Commissioner of the New Jersey Department of Transportation
- In office December 16, 2008 – 2010
- Preceded by: Kris Kolluri

= Stephen Dilts =

Stephen Dilts is a former commissioner of the New Jersey Department of Transportation (NJDOT), having been sworn into the post on December 16, 2008, and leaving that position early in 2010. Dilts succeeded Kris Kolluri, who was shifted to head the $12.5 billion New Jersey Schools Development Authority.

==Biography==
As commissioner, Dilts also served as chairman of New Jersey Transit, the New Jersey Turnpike Authority and the South Jersey Transportation Authority. Collectively, Dilts oversaw 17,000 employees, operating budgets of $2 billion per year and more than $3.6 billion in capital funds.

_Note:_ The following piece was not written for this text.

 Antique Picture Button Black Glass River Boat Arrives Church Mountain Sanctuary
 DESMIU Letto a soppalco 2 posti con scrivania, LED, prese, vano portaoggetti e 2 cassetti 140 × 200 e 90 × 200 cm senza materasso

Dilts was employed by the New Jersey Turnpike Authority from 2002 until 2006, working variously as chief of staff and as the deputy executive director, operations, where he managed the authority's maintenance, toll and operations departments. He was involved in major projects including the consolidation of the Turnpike and Highway Authorities, One-Way Tolling, Express E-ZPass, and planned widening of the Garden State Parkway and the New Jersey Turnpike.

He was awarded with a Bachelor of Arts degree in political science from Boston University and a master's degree in government administration from the Fels Institute of Government at the University of Pennsylvania. He is a resident of Hampton Borough, where he had previously served as Mayor of Hampton, New Jersey, and council president.